[Caption-style text data]
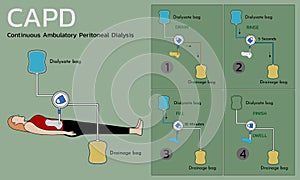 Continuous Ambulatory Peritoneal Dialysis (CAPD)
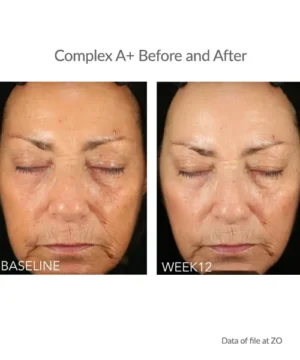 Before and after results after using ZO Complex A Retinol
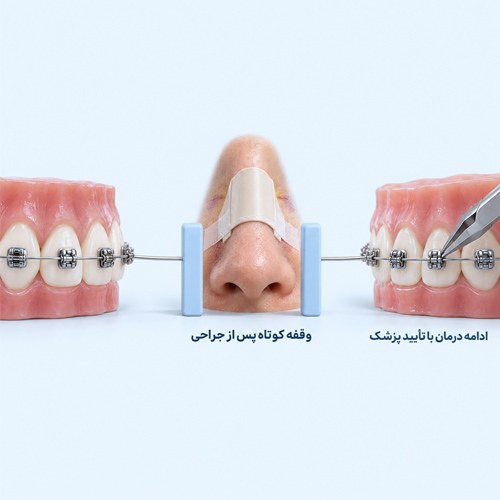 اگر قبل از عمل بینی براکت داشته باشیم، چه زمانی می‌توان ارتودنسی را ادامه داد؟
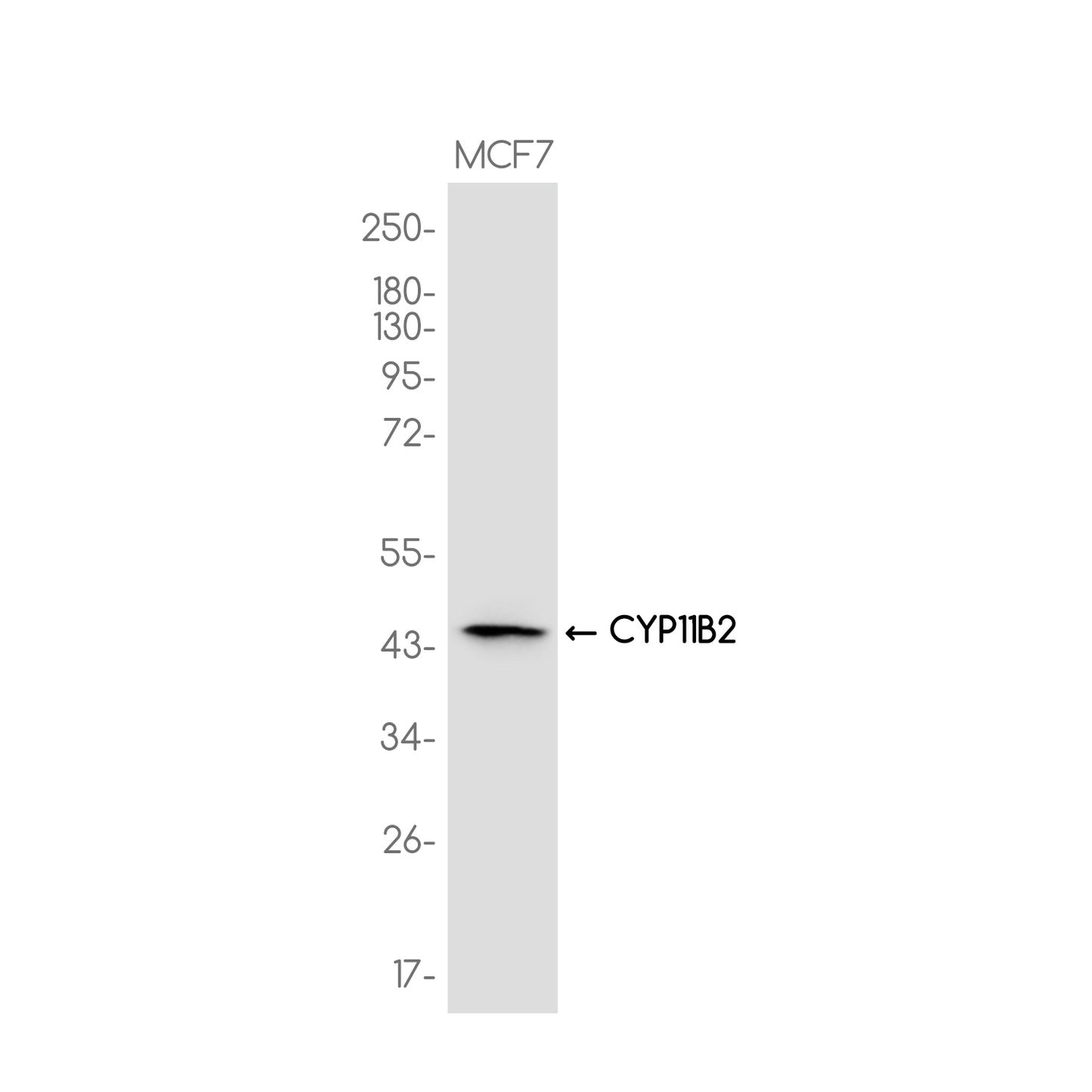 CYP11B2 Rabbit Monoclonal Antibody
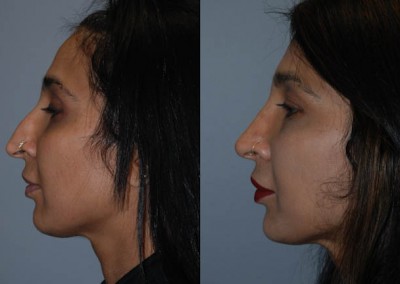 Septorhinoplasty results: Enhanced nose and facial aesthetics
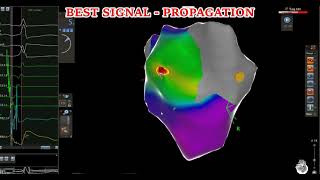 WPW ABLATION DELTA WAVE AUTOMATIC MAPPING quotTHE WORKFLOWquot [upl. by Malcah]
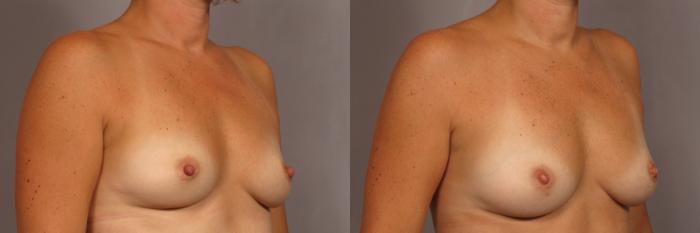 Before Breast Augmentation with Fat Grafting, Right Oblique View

---

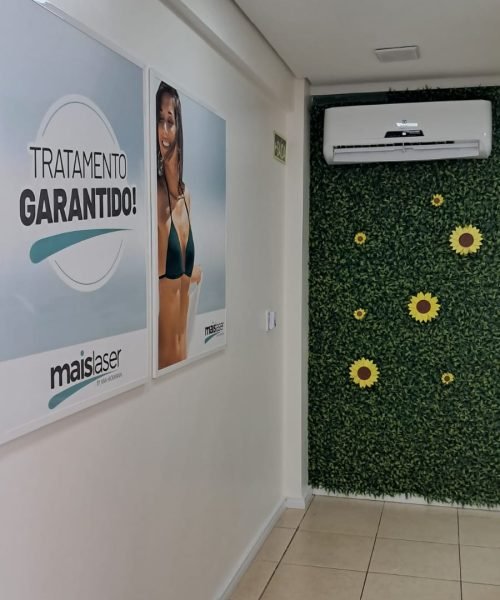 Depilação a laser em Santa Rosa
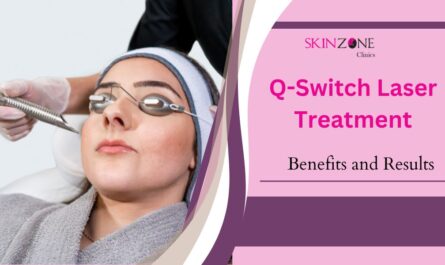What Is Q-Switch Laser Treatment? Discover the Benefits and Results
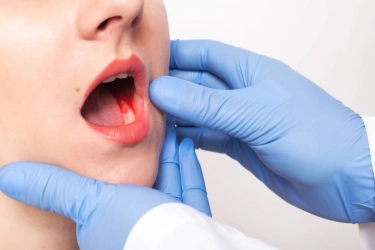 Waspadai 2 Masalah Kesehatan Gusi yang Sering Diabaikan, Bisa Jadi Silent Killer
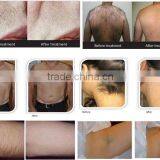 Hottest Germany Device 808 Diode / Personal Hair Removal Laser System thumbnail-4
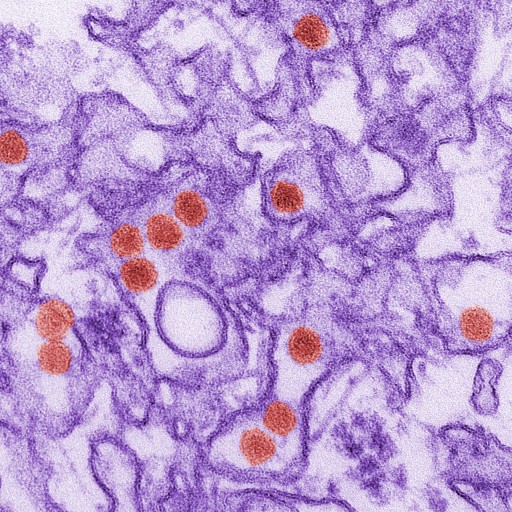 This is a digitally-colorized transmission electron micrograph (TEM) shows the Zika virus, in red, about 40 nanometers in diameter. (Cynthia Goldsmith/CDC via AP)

- What you are asked to do -
Out of the records above, return only the lines from the one with "Continuous Ambulatory Peritoneal" through the one with "Before Breast Augmentation", exactly, and none of the pictures.

- Solution to the problem -
 Continuous Ambulatory Peritoneal Dialysis (CAPD)
 Before and after results after using ZO Complex A Retinol
 اگر قبل از عمل بینی براکت داشته باشیم، چه زمانی می‌توان ارتودنسی را ادامه داد؟
 CYP11B2 Rabbit Monoclonal Antibody
 Septorhinoplasty results: Enhanced nose and facial aesthetics
 WPW ABLATION DELTA WAVE AUTOMATIC MAPPING quotTHE WORKFLOWquot [upl. by Malcah]
 Before Breast Augmentation with Fat Grafting, Right Oblique View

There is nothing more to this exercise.